• _Task to carry out_
Your answer should consist only of the lines below from the one with "Checking the cows" through the one with "20110527154125(1).JPG", copied exactly.

• _Records shown_
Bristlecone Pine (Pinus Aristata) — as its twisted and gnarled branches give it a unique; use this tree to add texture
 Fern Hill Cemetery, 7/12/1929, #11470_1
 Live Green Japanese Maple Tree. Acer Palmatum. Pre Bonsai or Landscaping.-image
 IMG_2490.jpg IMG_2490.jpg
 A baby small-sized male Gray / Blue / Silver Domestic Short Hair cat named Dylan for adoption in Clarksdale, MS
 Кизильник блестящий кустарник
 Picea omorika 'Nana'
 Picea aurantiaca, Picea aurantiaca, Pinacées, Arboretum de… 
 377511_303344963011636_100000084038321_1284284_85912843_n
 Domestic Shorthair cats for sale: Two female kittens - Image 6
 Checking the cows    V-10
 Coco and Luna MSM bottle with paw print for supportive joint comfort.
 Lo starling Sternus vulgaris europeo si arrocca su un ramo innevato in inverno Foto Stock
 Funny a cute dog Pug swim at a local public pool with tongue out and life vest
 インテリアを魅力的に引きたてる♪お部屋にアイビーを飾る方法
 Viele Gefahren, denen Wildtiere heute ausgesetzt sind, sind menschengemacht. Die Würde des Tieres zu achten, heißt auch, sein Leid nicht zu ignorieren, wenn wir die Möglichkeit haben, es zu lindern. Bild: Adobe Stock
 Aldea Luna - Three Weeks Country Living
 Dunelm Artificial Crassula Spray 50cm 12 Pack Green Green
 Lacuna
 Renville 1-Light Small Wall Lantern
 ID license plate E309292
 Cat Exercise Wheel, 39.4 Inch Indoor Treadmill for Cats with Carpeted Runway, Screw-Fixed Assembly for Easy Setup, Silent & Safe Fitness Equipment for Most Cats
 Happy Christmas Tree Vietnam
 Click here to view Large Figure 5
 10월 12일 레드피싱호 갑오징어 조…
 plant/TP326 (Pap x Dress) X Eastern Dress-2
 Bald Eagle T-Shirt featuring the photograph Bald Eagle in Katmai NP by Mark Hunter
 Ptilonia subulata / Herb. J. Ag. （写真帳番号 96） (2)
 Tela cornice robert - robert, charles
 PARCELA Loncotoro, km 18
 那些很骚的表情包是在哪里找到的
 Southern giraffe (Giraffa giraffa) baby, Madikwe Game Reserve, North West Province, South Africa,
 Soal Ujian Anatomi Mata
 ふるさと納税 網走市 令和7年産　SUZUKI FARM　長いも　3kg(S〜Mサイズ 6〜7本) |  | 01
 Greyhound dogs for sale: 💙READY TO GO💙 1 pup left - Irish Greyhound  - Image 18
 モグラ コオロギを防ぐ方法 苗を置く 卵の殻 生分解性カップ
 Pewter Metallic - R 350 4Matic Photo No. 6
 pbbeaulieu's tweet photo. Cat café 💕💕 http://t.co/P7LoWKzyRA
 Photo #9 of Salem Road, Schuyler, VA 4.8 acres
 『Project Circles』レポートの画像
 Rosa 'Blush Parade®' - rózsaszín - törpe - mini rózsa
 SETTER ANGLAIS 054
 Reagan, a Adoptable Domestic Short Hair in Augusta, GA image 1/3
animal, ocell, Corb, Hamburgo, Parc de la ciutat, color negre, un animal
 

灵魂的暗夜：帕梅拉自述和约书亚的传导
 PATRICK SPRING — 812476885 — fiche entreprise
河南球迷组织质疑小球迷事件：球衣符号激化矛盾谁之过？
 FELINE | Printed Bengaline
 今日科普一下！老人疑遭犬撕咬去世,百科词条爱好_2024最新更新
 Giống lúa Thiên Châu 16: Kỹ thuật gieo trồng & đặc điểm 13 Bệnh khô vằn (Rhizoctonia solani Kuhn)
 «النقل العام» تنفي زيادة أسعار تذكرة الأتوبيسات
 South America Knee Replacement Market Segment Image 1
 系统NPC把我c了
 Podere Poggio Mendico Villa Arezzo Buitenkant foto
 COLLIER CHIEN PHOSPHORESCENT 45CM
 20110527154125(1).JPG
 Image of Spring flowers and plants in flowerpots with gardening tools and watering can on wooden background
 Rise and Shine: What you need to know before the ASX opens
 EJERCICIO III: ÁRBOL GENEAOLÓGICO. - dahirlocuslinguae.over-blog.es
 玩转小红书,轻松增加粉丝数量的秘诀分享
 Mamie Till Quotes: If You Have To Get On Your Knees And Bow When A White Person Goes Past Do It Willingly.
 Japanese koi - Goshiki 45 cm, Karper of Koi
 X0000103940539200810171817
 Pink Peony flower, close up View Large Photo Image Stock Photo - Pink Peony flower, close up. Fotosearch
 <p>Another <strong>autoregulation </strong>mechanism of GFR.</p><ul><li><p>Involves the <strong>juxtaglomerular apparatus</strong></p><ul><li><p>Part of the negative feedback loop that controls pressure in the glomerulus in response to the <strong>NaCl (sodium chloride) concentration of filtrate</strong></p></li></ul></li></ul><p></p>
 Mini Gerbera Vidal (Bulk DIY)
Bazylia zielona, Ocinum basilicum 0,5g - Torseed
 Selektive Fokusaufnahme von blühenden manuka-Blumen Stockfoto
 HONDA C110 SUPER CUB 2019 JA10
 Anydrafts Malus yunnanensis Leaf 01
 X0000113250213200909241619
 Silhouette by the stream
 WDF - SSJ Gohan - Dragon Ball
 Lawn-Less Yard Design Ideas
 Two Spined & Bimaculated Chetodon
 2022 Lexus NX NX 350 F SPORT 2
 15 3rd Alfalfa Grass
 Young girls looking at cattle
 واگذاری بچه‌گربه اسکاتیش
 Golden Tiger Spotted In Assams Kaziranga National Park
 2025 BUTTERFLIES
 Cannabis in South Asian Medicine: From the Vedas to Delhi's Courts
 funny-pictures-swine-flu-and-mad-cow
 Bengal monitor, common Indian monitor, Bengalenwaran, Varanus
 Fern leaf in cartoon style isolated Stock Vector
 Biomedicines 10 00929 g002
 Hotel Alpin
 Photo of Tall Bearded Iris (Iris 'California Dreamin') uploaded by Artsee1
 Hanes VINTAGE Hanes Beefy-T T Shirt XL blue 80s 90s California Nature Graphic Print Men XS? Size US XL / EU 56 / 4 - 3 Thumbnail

• _Response box_
 Checking the cows    V-10
 Coco and Luna MSM bottle with paw print for supportive joint comfort.
 Lo starling Sternus vulgaris europeo si arrocca su un ramo innevato in inverno Foto Stock
 Funny a cute dog Pug swim at a local public pool with tongue out and life vest
 インテリアを魅力的に引きたてる♪お部屋にアイビーを飾る方法
 Viele Gefahren, denen Wildtiere heute ausgesetzt sind, sind menschengemacht. Die Würde des Tieres zu achten, heißt auch, sein Leid nicht zu ignorieren, wenn wir die Möglichkeit haben, es zu lindern. Bild: Adobe Stock
 Aldea Luna - Three Weeks Country Living
 Dunelm Artificial Crassula Spray 50cm 12 Pack Green Green
 Lacuna
 Renville 1-Light Small Wall Lantern
 ID license plate E309292
 Cat Exercise Wheel, 39.4 Inch Indoor Treadmill for Cats with Carpeted Runway, Screw-Fixed Assembly for Easy Setup, Silent & Safe Fitness Equipment for Most Cats
 Happy Christmas Tree Vietnam
 Click here to view Large Figure 5
 10월 12일 레드피싱호 갑오징어 조…
 plant/TP326 (Pap x Dress) X Eastern Dress-2
 Bald Eagle T-Shirt featuring the photograph Bald Eagle in Katmai NP by Mark Hunter
 Ptilonia subulata / Herb. J. Ag. （写真帳番号 96） (2)
 Tela cornice robert - robert, charles
 PARCELA Loncotoro, km 18
 那些很骚的表情包是在哪里找到的
 Southern giraffe (Giraffa giraffa) baby, Madikwe Game Reserve, North West Province, South Africa,
 Soal Ujian Anatomi Mata
 ふるさと納税 網走市 令和7年産　SUZUKI FARM　長いも　3kg(S〜Mサイズ 6〜7本) |  | 01
 Greyhound dogs for sale: 💙READY TO GO💙 1 pup left - Irish Greyhound  - Image 18
 モグラ コオロギを防ぐ方法 苗を置く 卵の殻 生分解性カップ
 Pewter Metallic - R 350 4Matic Photo No. 6
 pbbeaulieu's tweet photo. Cat café 💕💕 http://t.co/P7LoWKzyRA
 Photo #9 of Salem Road, Schuyler, VA 4.8 acres
 『Project Circles』レポートの画像
 Rosa 'Blush Parade®' - rózsaszín - törpe - mini rózsa
 SETTER ANGLAIS 054
 Reagan, a Adoptable Domestic Short Hair in Augusta, GA image 1/3
animal, ocell, Corb, Hamburgo, Parc de la ciutat, color negre, un animal
 

灵魂的暗夜：帕梅拉自述和约书亚的传导
 PATRICK SPRING — 812476885 — fiche entreprise
河南球迷组织质疑小球迷事件：球衣符号激化矛盾谁之过？
 FELINE | Printed Bengaline
 今日科普一下！老人疑遭犬撕咬去世,百科词条爱好_2024最新更新
 Giống lúa Thiên Châu 16: Kỹ thuật gieo trồng & đặc điểm 13 Bệnh khô vằn (Rhizoctonia solani Kuhn)
 «النقل العام» تنفي زيادة أسعار تذكرة الأتوبيسات
 South America Knee Replacement Market Segment Image 1
 系统NPC把我c了
 Podere Poggio Mendico Villa Arezzo Buitenkant foto
 COLLIER CHIEN PHOSPHORESCENT 45CM
 20110527154125(1).JPG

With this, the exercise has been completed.